EXERCISE OBJECTIVE: When the line with "mDesign 2er-Set Aufbewahrungsbox" turns up below, begin repeating exactly, and carry on through the line with "Screenshot of RePlastPay Marketplace"; no pictures go into the copy.

GIVEN RECORDS:
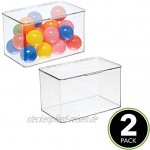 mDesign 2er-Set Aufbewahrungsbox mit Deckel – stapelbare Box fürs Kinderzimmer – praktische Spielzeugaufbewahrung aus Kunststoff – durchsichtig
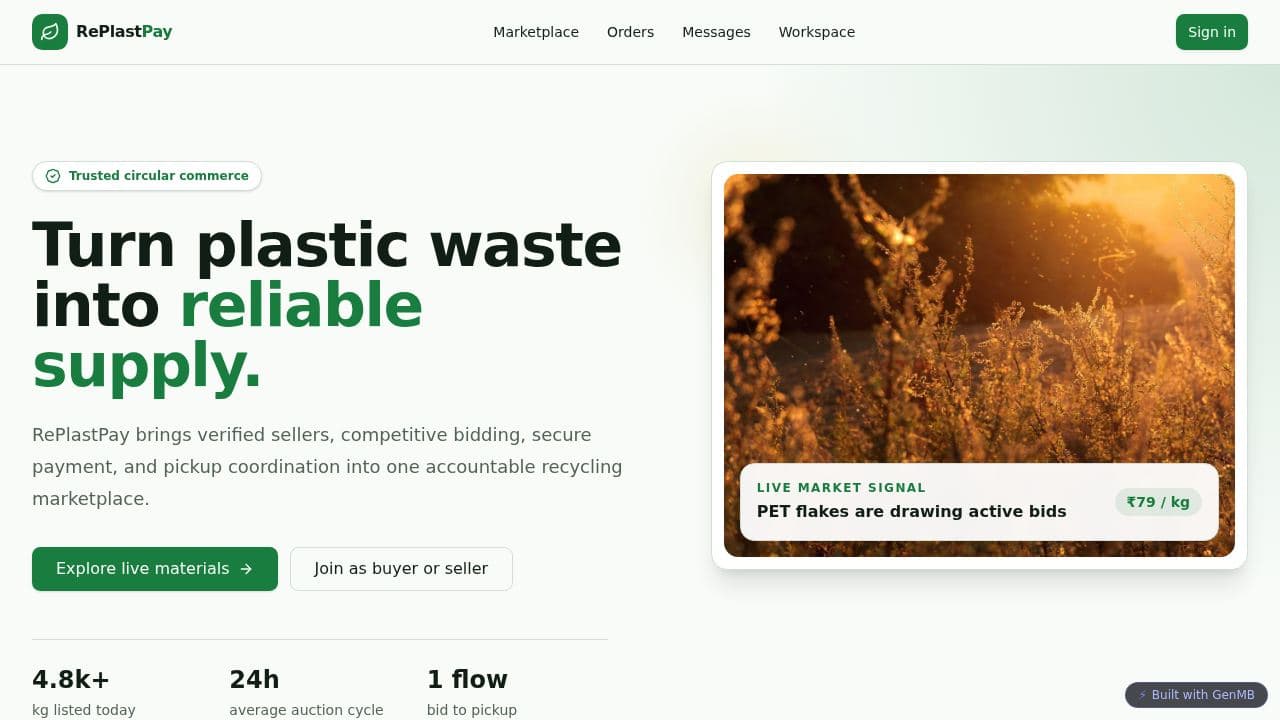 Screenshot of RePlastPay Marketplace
==
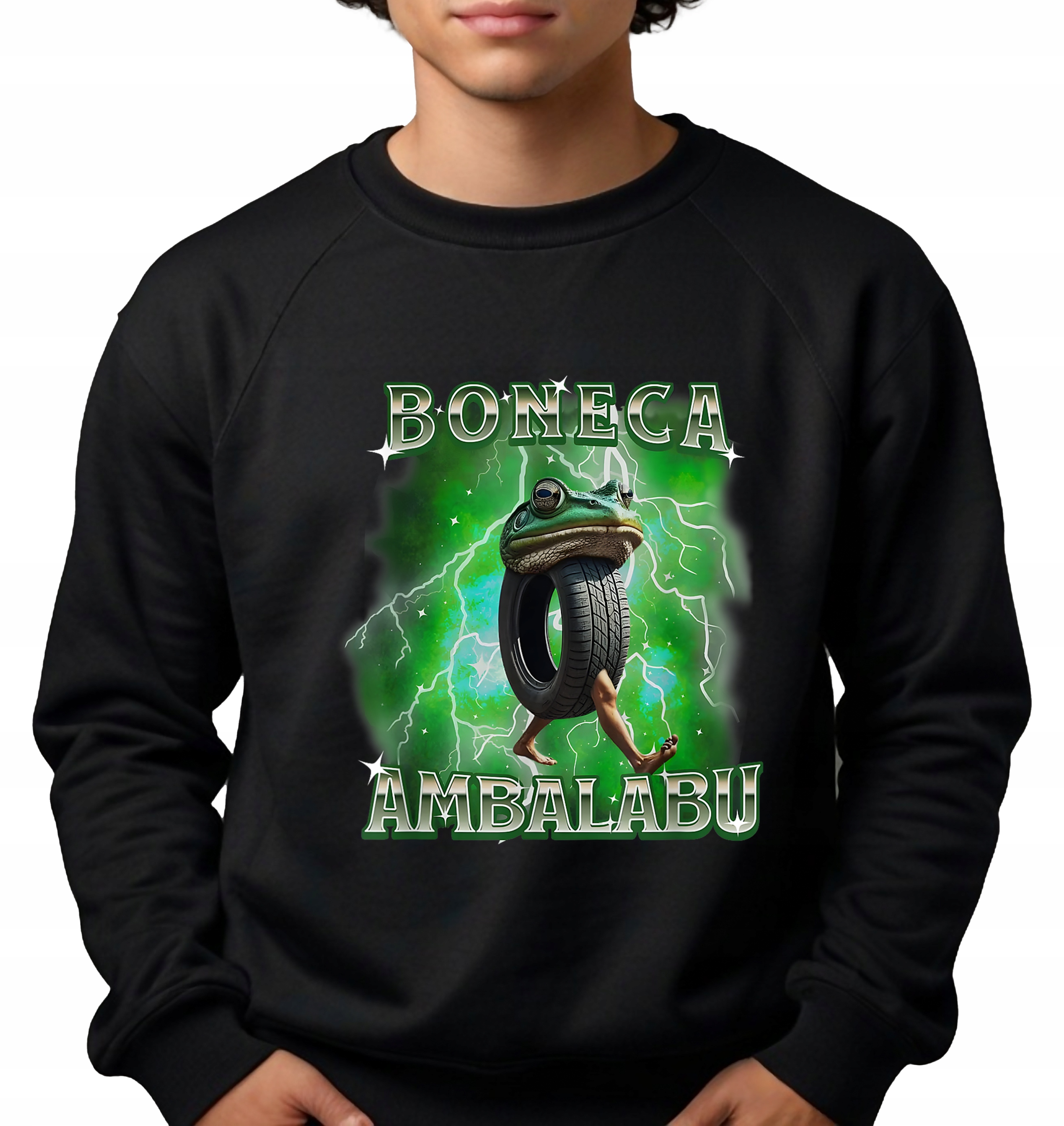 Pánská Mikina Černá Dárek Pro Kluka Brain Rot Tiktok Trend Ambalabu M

ANSWER FOR THE TASK:
 mDesign 2er-Set Aufbewahrungsbox mit Deckel – stapelbare Box fürs Kinderzimmer – praktische Spielzeugaufbewahrung aus Kunststoff – durchsichtig
 Screenshot of RePlastPay Marketplace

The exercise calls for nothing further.